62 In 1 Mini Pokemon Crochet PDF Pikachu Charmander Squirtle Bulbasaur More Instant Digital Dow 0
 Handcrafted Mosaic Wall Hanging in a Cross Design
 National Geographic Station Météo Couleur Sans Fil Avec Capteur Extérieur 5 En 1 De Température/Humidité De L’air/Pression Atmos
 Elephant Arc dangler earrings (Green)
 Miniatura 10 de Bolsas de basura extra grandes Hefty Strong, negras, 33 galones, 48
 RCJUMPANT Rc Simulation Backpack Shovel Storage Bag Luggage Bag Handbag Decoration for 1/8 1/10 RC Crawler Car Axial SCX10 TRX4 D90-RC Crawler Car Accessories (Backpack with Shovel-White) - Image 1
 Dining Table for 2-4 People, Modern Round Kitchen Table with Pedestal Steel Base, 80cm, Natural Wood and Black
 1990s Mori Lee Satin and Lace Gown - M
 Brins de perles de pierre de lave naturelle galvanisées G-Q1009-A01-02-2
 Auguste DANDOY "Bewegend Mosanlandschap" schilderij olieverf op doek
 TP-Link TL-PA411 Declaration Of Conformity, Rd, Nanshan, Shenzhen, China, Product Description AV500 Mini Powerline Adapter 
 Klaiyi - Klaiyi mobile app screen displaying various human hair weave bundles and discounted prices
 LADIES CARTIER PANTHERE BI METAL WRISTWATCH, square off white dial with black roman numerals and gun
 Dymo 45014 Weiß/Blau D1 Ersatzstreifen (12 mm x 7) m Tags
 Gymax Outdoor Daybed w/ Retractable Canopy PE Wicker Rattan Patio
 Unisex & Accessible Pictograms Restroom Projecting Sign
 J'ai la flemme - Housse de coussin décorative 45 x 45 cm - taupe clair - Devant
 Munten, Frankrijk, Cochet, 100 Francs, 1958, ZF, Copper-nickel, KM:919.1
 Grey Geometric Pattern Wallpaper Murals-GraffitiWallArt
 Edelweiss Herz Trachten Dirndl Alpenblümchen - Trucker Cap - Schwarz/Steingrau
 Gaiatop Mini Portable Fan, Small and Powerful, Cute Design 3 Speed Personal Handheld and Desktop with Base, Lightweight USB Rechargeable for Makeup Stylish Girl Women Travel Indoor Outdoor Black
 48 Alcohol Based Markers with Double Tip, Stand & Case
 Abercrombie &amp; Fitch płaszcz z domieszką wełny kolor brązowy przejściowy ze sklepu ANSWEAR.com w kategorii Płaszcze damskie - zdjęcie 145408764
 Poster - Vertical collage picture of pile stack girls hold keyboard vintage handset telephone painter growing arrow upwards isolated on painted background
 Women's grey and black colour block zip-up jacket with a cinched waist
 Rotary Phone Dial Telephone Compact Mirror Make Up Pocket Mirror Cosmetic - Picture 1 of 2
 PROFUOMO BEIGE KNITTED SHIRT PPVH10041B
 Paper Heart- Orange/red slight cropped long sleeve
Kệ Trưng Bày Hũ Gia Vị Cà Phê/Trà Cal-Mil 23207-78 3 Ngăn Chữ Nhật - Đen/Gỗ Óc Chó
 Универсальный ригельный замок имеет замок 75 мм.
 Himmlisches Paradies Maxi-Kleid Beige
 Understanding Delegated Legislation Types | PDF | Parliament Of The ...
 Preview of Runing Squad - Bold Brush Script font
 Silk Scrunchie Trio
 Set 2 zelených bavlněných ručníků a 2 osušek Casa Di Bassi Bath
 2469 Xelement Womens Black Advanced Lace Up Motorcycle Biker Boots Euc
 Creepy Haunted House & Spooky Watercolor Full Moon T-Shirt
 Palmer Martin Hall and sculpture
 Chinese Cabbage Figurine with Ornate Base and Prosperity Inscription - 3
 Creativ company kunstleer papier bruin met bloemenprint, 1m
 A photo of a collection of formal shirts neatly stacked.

▶ **Your task**: The lines in the records above that include the word "Design" must be copied out.

▶ **Completed task**:
 Handcrafted Mosaic Wall Hanging in a Cross Design
 Gaiatop Mini Portable Fan, Small and Powerful, Cute Design 3 Speed Personal Handheld and Desktop with Base, Lightweight USB Rechargeable for Makeup Stylish Girl Women Travel Indoor Outdoor Black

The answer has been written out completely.